The final act is the most important one in a drama, and a dramatist generally begins his work at the end. We sit out a long evening at the theatre in order to see the last act or `how it will go.’ But in the significant lives of certain men people like to ignore the last act, because it is uncomfortable and might show how the godless fare at last. He who wrote the operetta .Boccaccio had to append the last act to it; the jovial Florentine became a priest and delivered lectures on Dante’s Hell, though he only reached the seventeenth canto. Voltaire’s last hours, when he took the sacrament, might furnish a subject for a tragedy like the second part of Faust. Heine announced his conversion, which took place in 1851, in the preface to the Romancero: `I have returned to God like the prodigal son, after I had fed swine with the Hegelians for a long time.’ This preface should be printed before every collection of Heine’s poems. Hegel singing penitential psalms on his death-bed might form the subject of a fresco painting for the entrance-hall of Berlin University. But the most affecting final act is Oscar Wilde’s description of his prison life in De Profundis. He was the so-called renaissance leader, who disinterred heathenism with its false worship of beauty, which contains the foulest of all. Kierkegaard would have called him the aesthete, the Sybarite cold as cast iron, the egoist round whose petty `I’ the whole world was to revolve in order to understand him alone. Many, led astray like him by the seducing spirits of his youth, remained fairly free from public punishment. Wilde seems to have been picked out to furnish a startling example, for his position, at any rate in his own country, was almost that of an idol.

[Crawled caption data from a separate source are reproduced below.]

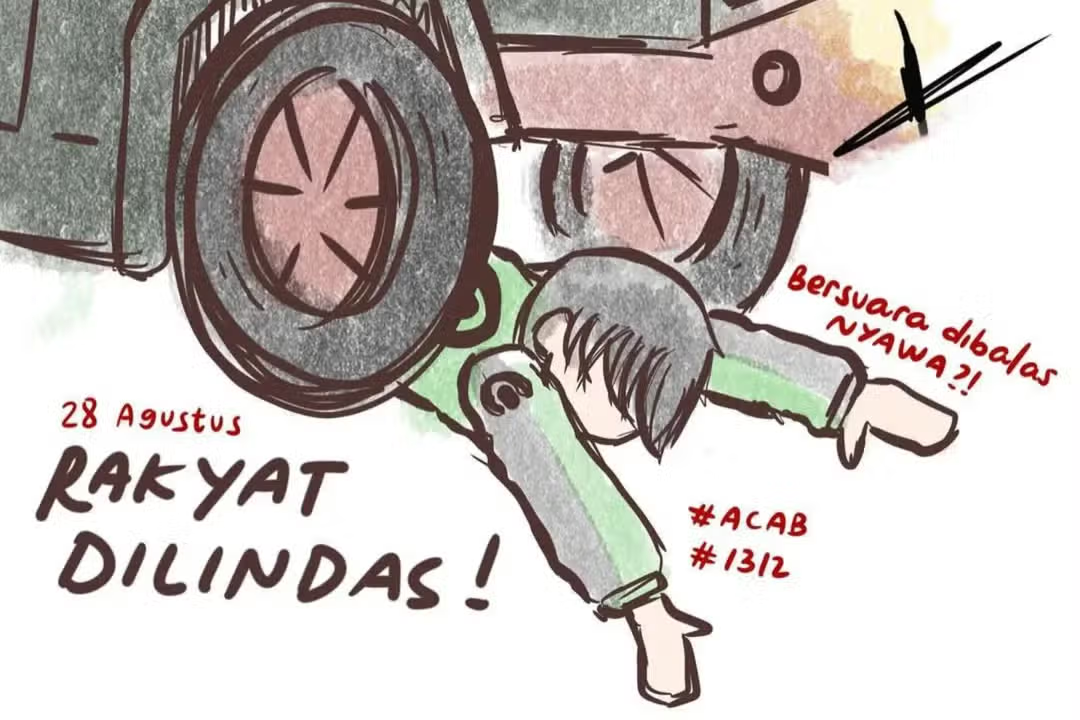 Aparat melindas polisi ilustrasi (instagram.com/mentahanvideoig)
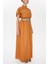 Tarçın Cepli Beli Lastikli Uzun Elbise 93098 5
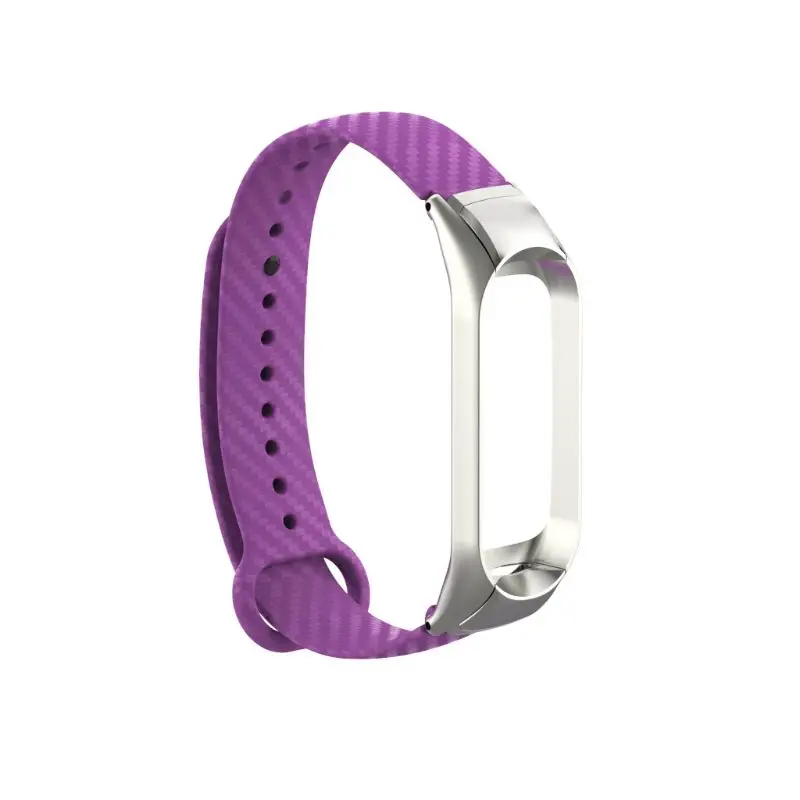 

Metal Frame Carbon Fiber Grain Replacement Silicone Strap Watch Band for xiaomi Mi Band 3 Bracelet X3UA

What he wrote lacks originality; it is whipped-up foam; glazing which, when washed off, leaves no texture; it is as restless as cross-lights, or like a mirror in a public restaurant, in a labyrinthine hall with deceptive lines and false perspectives; it runs out of the hand like albumen or frog-spawn; it is perverse as in Dorian Grey, the hero of which should have lost his youth by nightly excesses, while on the contrary it is only his portrait which changes.

The last act was played, and that outdid all horror, was so horrible that Wilde himself could not describe its details, which, however, oral tradition has preserved in a Swedenborgian legend.

De Profundis arouses pity and fear, and one would gladly acquit the man who was perhaps the victim of his delusion; a worldly tribunal would not have judged him if he had not himself appealed to it, and that indeed for a wrong done him. It was what our renaissance-critic called a `piece of stupidity’ when he made Wilde out to be a martyr of `hypocrisy,’ as he called justice. Wilde however seems to have taken another view of the matter to his impartial defender: `A day in prison on which one does not weep is a day on which one’s heart is hard, not a day on which one’s heart is happy. Once I had put into motion the forces of society, society turned on me and said: “Have you been living all this time in defiance of my laws, and do you now appeal to those laws for protection? You shall have those laws exercised to the full.” A man’s very highest moment, I have no doubt at all, is when he kneels in the dust and beats his breast and tells us all the sins of his life.’

The `joy of life’ whose perfume he had inhaled at Oxford through Pater’s Renaissance now began to grow sour.

`Clergymen and people who use phrases without wisdom sometimes talk of suffering as a mystery. It is really a revelation.

`Behind joy and laughter there may be a temperament coarse, hard, and callous. Pain, unlike pleasure, wears no mask. There are times when sorrow seems to me to be the only truth. The secret of life is suffering.’

Let us add that Wilde derived his most dangerous doctrine from Baudelaire and Shakespeare’s sonnets. And let us close with the new view of the Renaissance which he attained to in prison: `To me one of the things in history the most to be regretted is that the Christ’s own renaissance, which has produced the Cathedral at Chartres, the Arthurian cycle of legends, the life of St. Francis of Assisi, the art of Giotto, and Dante’s Divine Comedy, was not allowed to develop on its own lines, but was interrupted and spoiled by the dreary classical Renaissance.’